Work required | Write the data out again exactly, with no pictures.

Data excerpt |
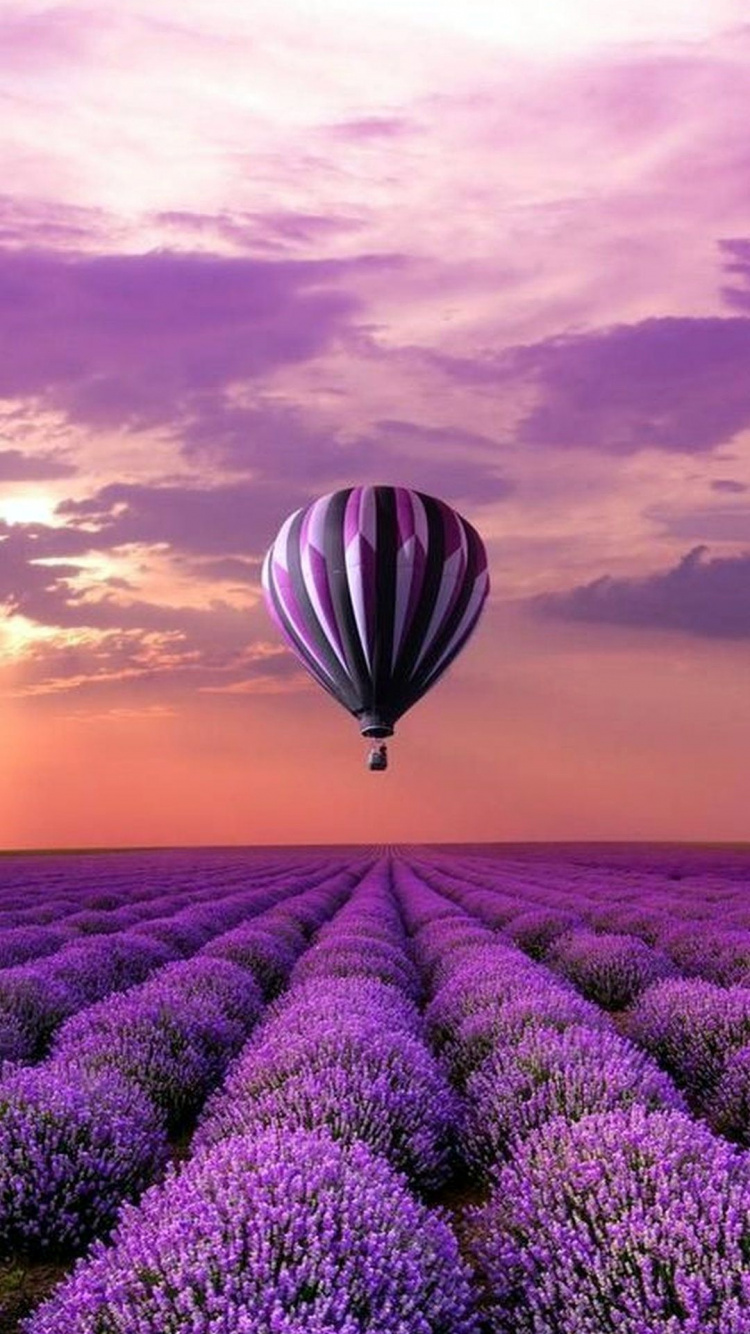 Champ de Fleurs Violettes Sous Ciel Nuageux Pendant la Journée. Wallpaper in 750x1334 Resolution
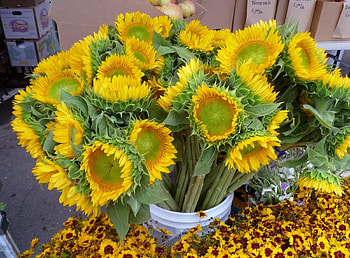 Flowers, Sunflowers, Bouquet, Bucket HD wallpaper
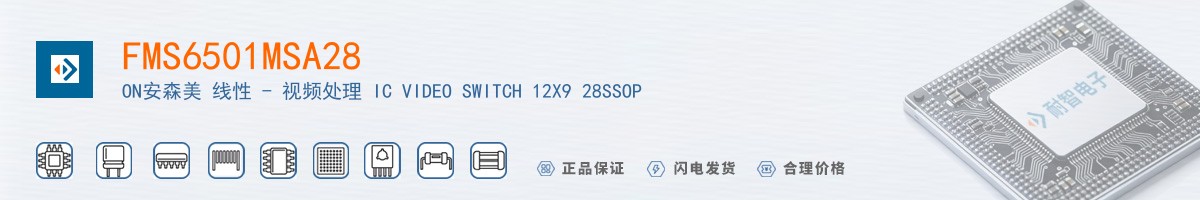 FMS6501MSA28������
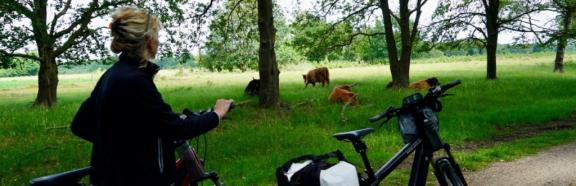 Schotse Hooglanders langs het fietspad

Reply to the exercise |
 Champ de Fleurs Violettes Sous Ciel Nuageux Pendant la Journée. Wallpaper in 750x1334 Resolution
 Flowers, Sunflowers, Bouquet, Bucket HD wallpaper
 FMS6501MSA28������
 Schotse Hooglanders langs het fietspad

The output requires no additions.